Artykuły

Czy aktorzy są tylko do grania?

"Mefisto" inspirowany powieścią Klausa Manna i filmem Istvána Szabó w reż. Agnieszki Błońskiej w Teatrze Powszechnym w Warszawie. Pisze Piotr Piber w portalu Teatrologia.info.

Zanim jeszcze zacznie się spektakl o diabelskim tytule, w warszawskim Teatrze Powszechnym słyszymy z głośników słowa modlitwy zawierzające teatr, aktorów i widzów boskiej opiece. Mówią dużo o krwi i cierpieniu, odwołując się do religijnej wyobraźni polskiego mesjanizmu narodowego. Po modlitwie jesteśmy proszeni o wyłączenie komórek i nienagrywanie przedstawienia. Mefisto może się rozpocząć.

Otwiera go mini-wykład Arkadiusza Brykalskiego o powieści Klausa Manna z 1936 roku i jej nagrodzonej Oskarem ekranizacji w reżyserii Istvána Szabó z wybitną główną rolą Klausa Marii Brandauera. Brykalski wspomina także o Gustafie Gründgensie, koryfeuszu sztuki aktorskiej czasów nazizmu i pierwowzorze Mannowskiego bohatera, Hendrika Höfgena, oraz o poprzednim wystawieniu "Mefista" na scenie Powszechnego w 1983 roku, w którym teatralnego ulubieńca narodowo-socjalistycznych panów Niemiec zagrał Tadeusz Huk.

Tyle historia. Ale nas interesuje przecież tu i teraz. I chociaż przywołanie opisanej przez Manna burzliwej i malowniczej atmosfery zmierzchu Republiki Weimarskiej z całym teatralnym, kabaretowym i dekadenckim sztafażem w duchu realistycznego teatru może się wydawać kuszące i dość łatwo to zrobić, co pokazują Brykalski z Karoliną Adamczyk, gładko wchodząc na chwilę w rolę postaci Höfgena i jego kochanki, spektakl, który oglądamy, będzie czymś innym.

Reżyserka Agnieszka Błońska, dramaturżka Joanna Wichowska i zespół Powszechnego proponują nam bowiem sceniczny esej o aktorstwie, a raczej o politycznej stronie tego zawodu, zadający pytania, na ile aktor grając wyraża swoje poglądy, a na ile ulega presji władzy, chęci zaistnienia i popularności, i jaką za to skłonny jest zapłacić cenę. Na co się może zgodzić i jaką ponosi za to odpowiedzialność. O przyznaniu aktorom prawa do wolności do grania w spektaklach politycznych.
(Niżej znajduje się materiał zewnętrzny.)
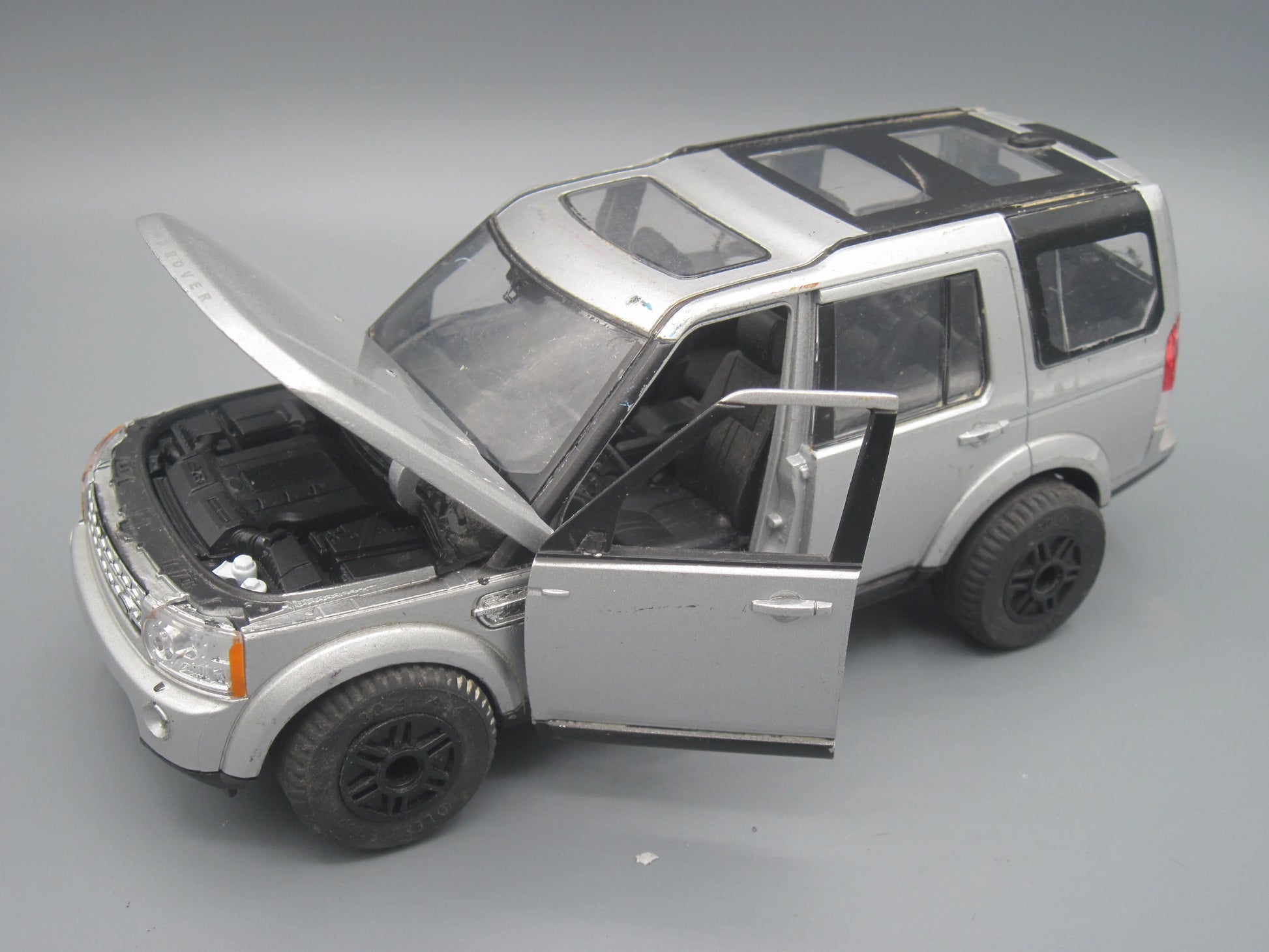 Welly   Land Rover Discovery 4  Silver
Aktorzy występujący w "Mefiście" nie ukrywają się pod zmyślonymi postaciami (jeśli to możliwe w zawodowym teatrze, w precyzyjnie skonstruowanym przedstawieniu) i mówią do nas pod swoimi nazwiskami, nawiązując do swoich własnych, prawdziwych historii. Oprócz Brykalskiego i Adamczyk są to: Grzegorz Artman, Klara Bielawka, Aleksandra Bożek, Maria Robaszkiewicz i Oskar Stoczyński.
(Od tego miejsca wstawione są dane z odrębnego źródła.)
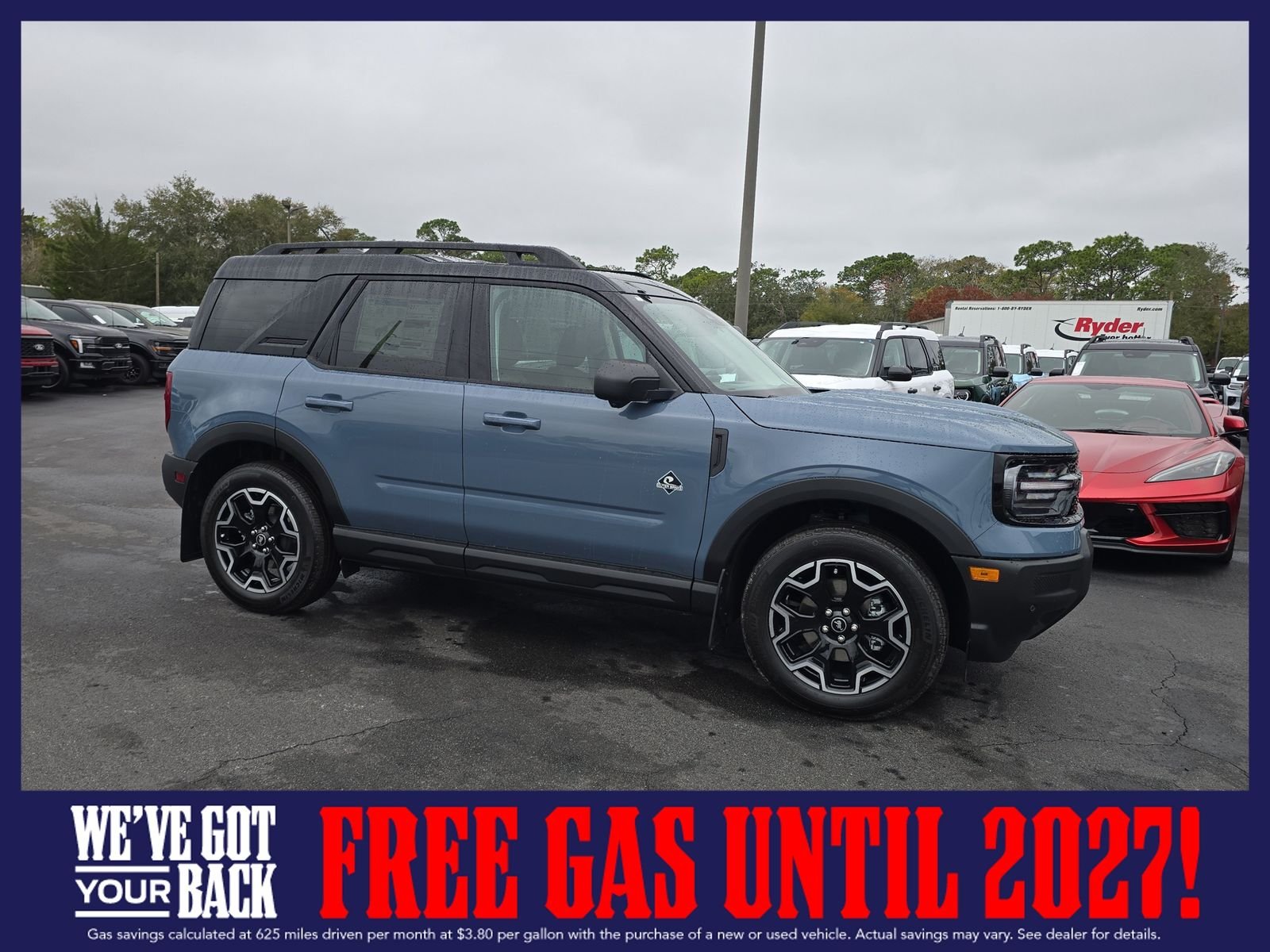 New 2025 Azure Gray Metallic Tri-Coat Ford Outer Banks image 2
Zaczynają od zarzekania się, że nigdy nie wystąpią w rządowej telewizji, nie przypodobają się obecnej władzy, licytując się w deklaracjach własnej niezłomności ("Nigdy nie podam ręki Kurskiemu!"). Ta gorliwość, dziecinna i przesadzona, jest zabawna. Tym zabawniejsza, że podobno na pewne nazwiska w TVP jest zapis, obejmujący zwłaszcza obsadę "Klątwy" w reżyserii Olivera Frljicia. Wspomniana gorliwość robi tym silniejsze wrażenie, że pierwszy raz w historii polskiego teatru po 1989 aktorzy dostali wezwania do prokuratury, w której mieli zeznawać w sprawie własnej pracy scenicznej w związku z podejrzeniem o obrazę uczuć religijnych. Więc chichoczemy, ponieważ wiemy, że jak dotąd, mówiący do nas aktorzy, w przeciwieństwie do wielu bufetowych gawędziarzy, dali jednoznaczne świadectwo swoim artystycznym i politycznym, a tak naprawdę, ponieważ taka jest wyraźniejąca wraz z biegiem przedstawienia wymowa "Mefista", ludzkim wyborom.
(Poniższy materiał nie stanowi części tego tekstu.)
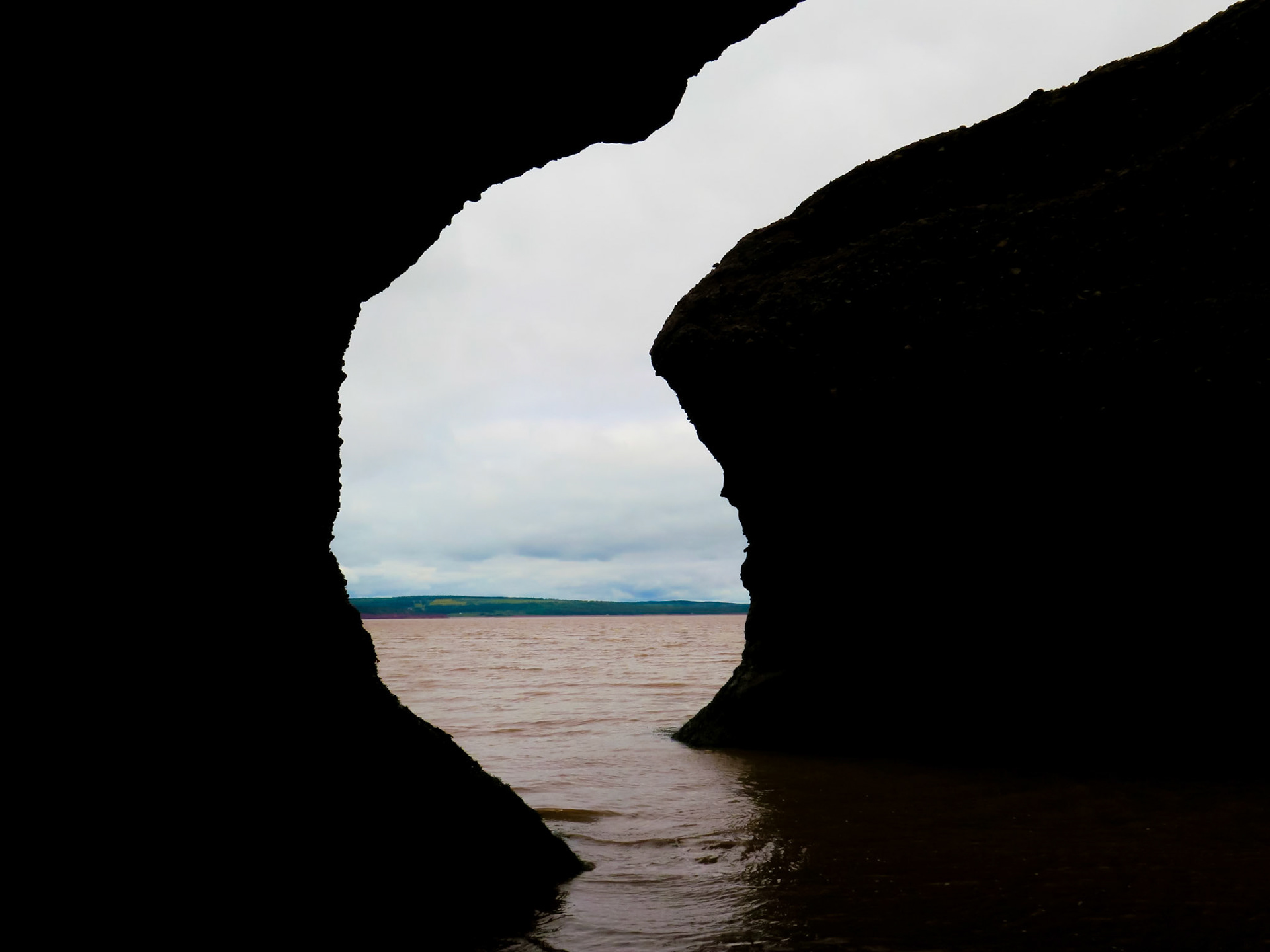 Through the Crack | (Hopewell Rocks, Canada)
"Mefisto" został podzielony na sceny, wśród których poza zbiorówkami, wyróżniają się te, przypominające solowe arie w operze - każdy z aktorów dostał możliwość wygłoszenia monologu dotyczącego teatralnych doświadczeń, zahaczających mniej lub bardziej o historię kariery Hendrika Höfgena. Przez część przedstawienia scenografię (autorstwa Roberta Rumasa) stanowi pusta, naga do cegieł scena Powszechnego, potem pojawia się na niej, zjeżdżając z góry wielki napis "POLSKA", w którym "P" jest stylizowane na znak Polski Walczącej. Jedynym nawiązaniem do czasów III Rzeszy pozostaje opaska ze swastyką na nodze Aleksandry Bożek.

Temperatura i treść opowieści aktorskich w "Mefiście" jest różna, mniej czy bardziej zajmująca i przykuwająca uwagę. Niektóre, przyznam się, po jednokrotnym obejrzeniu spektaklu niestety szybko zatarły mi się w pamięci. Kilka jest naprawdę świetnych i przejmujących.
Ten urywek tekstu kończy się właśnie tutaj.